Emma Ambrose affondò la mano destra nel guazzo di sangue, che, nel frattempo, le aveva inzaccherato la maglia di seta bianca, lungo la zona del ventre. La prima pugnalata era stata quella meno dolorosa, perché improvvisa e più veloce, ma le altre quattordici le avevano tolto la vita, una dopo l’altra, mentre il sangue sgorgava dal suo stomaco e si diramava in una pozzanghera che, lentamente, era riuscita a circondarle tutta la zona dei fianchi e del busto.
Le gambe, inermi, erano distese in maniera dritta senza alcuna possibilità di eseguire il minimo movimento e le braccia, di cui il destro tenuto pressato sullo stomaco con la minima forza che ancora l'era permesso di avere, stavano per lasciarsi andare del tutto.
Faceva male, realizzare in alcuni secondi che la propria vita stava per finire perché qualcuno per lei, quella figura che le si ergeva di fianco in attesa di vederla esalare l’ultimo respiro, aveva scelto come dovesse morire. Allorché, all’improvviso, i suoi vent’anni, compiuti il mese scorso, le scivolarono davanti sino a svanire entro una luce bianca che non le permise di vedere nient’altro. Era conscia di stare per perdere i sensi, di essere in procinto di lasciare questa vita e non vi fu agonia peggiore che aspettare, senza riuscire a chiedere aiuto, che la morte venisse a prenderla. A malapena sentì i lenti battiti del suo cuore che cedeva ai respiri affannosi e alla mancanza di anidride carbonica.
Già, perché cominciò a mancarle persino l’aria.

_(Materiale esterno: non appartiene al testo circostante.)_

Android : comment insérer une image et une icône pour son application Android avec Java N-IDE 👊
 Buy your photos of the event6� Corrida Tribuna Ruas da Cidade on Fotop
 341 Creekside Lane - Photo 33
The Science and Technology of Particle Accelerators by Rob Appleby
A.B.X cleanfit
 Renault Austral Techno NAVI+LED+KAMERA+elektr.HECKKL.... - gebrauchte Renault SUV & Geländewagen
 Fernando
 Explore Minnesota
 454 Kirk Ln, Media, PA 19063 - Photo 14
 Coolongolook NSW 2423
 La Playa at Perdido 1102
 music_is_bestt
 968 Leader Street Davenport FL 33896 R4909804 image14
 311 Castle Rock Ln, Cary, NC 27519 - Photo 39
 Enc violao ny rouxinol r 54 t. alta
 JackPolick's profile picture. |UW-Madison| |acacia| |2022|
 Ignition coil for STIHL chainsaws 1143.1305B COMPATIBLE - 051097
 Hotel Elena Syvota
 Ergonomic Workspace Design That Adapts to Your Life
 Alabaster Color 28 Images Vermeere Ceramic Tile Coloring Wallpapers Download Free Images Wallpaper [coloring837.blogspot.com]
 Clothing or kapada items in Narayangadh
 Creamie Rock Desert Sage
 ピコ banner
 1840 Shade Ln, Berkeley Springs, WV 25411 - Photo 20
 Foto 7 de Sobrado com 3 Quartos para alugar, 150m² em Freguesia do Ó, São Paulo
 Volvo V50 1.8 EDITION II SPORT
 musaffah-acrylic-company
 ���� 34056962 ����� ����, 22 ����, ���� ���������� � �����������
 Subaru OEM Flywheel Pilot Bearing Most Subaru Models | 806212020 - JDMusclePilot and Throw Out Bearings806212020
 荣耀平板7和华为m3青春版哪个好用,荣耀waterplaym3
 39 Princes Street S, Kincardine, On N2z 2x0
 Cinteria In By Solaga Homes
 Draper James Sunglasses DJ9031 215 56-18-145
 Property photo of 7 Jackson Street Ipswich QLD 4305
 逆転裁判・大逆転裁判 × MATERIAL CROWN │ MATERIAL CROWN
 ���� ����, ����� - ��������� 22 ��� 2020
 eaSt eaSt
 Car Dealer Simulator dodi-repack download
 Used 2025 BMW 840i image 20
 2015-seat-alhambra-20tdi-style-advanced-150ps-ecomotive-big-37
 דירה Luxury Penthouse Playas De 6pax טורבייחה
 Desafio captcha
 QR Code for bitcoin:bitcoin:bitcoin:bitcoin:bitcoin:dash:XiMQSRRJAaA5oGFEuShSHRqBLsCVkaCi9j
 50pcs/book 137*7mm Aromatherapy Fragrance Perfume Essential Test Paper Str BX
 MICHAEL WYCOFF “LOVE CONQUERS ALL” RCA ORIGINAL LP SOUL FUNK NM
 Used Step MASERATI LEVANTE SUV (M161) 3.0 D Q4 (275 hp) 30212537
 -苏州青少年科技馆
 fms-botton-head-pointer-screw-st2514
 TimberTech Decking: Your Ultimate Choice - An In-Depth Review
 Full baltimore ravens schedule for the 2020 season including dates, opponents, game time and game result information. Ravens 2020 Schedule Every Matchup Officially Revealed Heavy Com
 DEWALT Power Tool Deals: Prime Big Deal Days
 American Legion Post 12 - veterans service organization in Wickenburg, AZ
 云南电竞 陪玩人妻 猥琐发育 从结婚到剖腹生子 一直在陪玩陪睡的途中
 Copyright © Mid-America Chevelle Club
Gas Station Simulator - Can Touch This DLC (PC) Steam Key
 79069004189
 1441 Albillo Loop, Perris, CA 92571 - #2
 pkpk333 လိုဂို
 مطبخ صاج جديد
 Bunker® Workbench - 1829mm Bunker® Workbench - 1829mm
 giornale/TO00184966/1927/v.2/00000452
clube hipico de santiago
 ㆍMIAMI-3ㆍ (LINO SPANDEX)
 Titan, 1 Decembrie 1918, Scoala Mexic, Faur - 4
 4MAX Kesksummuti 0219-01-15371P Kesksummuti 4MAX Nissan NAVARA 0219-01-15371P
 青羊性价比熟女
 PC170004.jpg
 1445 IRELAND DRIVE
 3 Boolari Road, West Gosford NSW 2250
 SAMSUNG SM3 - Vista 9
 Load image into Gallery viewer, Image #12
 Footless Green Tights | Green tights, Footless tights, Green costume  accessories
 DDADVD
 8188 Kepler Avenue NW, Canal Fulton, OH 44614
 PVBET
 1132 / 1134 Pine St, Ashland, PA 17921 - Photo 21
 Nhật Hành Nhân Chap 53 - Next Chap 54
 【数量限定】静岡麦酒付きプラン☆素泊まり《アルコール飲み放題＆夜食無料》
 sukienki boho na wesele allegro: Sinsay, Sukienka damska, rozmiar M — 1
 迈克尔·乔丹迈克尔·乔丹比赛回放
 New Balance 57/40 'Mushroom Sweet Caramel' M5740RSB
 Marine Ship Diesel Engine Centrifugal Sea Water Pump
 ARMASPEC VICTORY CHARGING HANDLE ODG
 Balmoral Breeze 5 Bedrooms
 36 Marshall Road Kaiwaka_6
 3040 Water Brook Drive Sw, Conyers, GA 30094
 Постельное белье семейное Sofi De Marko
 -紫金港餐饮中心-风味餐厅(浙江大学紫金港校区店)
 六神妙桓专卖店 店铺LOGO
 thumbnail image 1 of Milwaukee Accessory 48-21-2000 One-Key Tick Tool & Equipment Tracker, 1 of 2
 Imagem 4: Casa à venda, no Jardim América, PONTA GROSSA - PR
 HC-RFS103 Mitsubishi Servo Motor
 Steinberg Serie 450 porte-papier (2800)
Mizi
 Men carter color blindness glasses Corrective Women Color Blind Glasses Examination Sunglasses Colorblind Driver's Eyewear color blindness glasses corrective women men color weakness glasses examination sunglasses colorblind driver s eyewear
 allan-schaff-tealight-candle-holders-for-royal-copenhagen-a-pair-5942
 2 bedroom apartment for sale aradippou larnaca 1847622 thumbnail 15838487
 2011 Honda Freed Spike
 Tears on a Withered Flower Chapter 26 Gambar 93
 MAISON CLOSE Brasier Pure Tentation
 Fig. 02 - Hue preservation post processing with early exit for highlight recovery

Rivolse, infine, lo sguardo terso in direzione dello stomaco, riuscendo ad alzare le spalle da terra ma cedendo nuovamente sull’asfalto una volta vista la pozzanghera entro la quale stava giacendo, lentamente. Non ebbe più il controllo dei suoi movimenti, la testa le si poggiò quasi autonomamente e vi fu un ultimo battito di ciglia prima che i suoi occhi restassero sgranati contro il suo assassino, ancora al suo fianco mentre sfregava un fazzoletto di seta sulla lama insanguinata del coltello.
L’ultima cosa che Emma vide fu proprio quella.
Poi esalò l’ultimo respiro, o almeno così parve.